The overall cell size differs from the normal red cell portrait in AFM – the total cell area and perimeter are reduced, but the volume is increased (the average values for the 6 cells for each case are shown in Table 1).
See also the image of red blood cells from a healthy donor on Fig.3.
DISCUSSION AND CONCLUSIONS
Almost all cells in the sample tested are in the form of echinocytes, although in cell samples from a healthy donor the number of echinocytes in a similar field of view is minimal or not observed at all. Most likely, transformation into echinocytes occurs during sample preparation, suggesting that erythrocytes are sensitive to environmental changes and therefore changes occur rapidly during swabbing and specimen drying on the glass. In healthy donors this process is much slower and the cells retain their biconcave disk shape.

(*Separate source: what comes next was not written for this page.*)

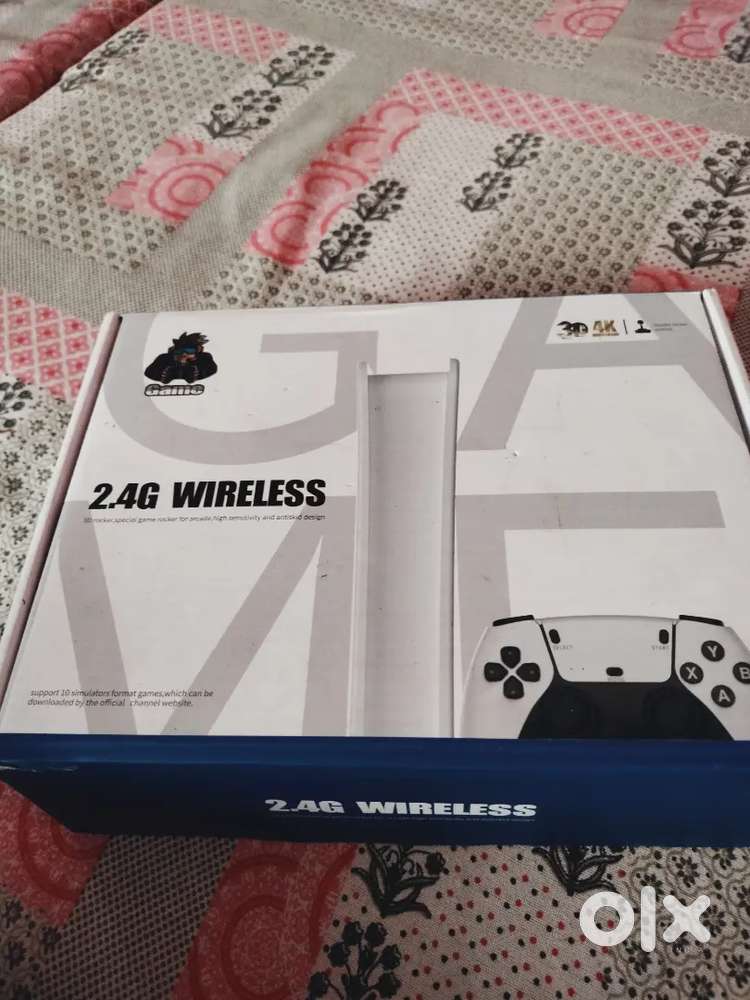 Two controller 20 thousand plus game aktham ok condition with box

In [10] was examined COVID19 patients blood, it was shown that in the blood of 80.6% of patients both at admission and at discharge there was a marked transformation of part of erythrocytes into echinocytes; proportion of echinocytes in patients at admission was 17.9±3.6% of the total number of observed red cells, at discharge it decreased to 12.1±2.1%.

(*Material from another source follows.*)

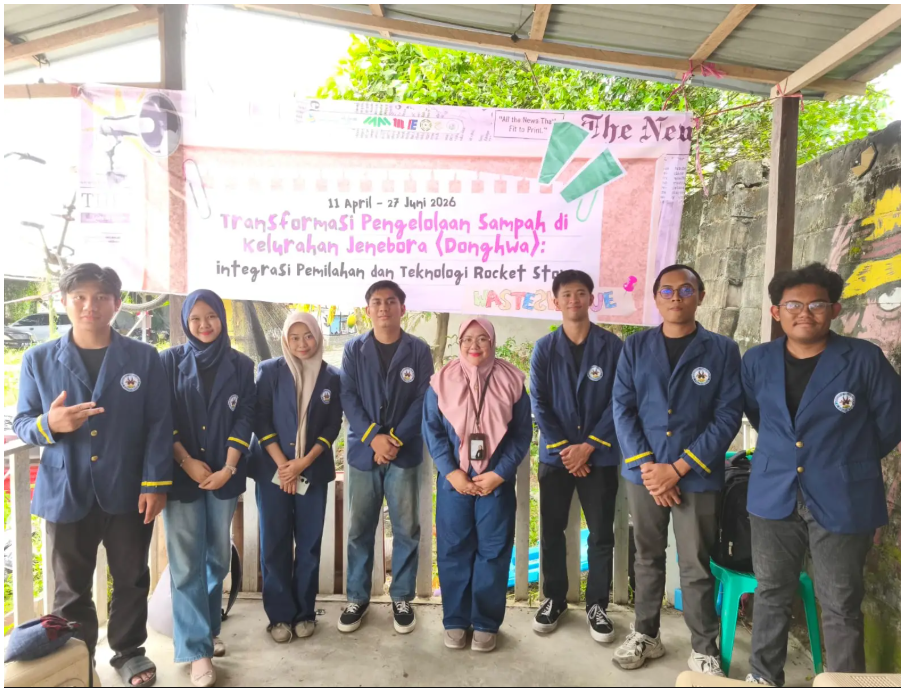 Mahasiswa ITK Bangun Rocket Stove untuk Transformasi Pengelolaan Sampah di Kelurahan Jenebora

Atomic force microscopy can be used to see the morphological and structural features of blood cells. It is particularly useful when these parameters can be linked to specific factors or a diagnosis.
ACKNOWLEDGMENTS
The authors are grateful to the Foundation for the Promotion of Innovation (project no. 71108). The study of A.I.Akhmetova was supported by the Russian Science Foundation (project No. 23-74-30003).
PEER REVIEW INFO
Editorial board thanks the anonymous reviewer(s) for their contribution to the peer review of this work. It is also grateful for their consent to publish papers on the journal’s website and SEL eLibrary eLIBRARY.RU.
Declaration of Competing Interest. The authors declare that they have no known competing financial interests or personal relationships that could have appeared to influence the work reported in this paper.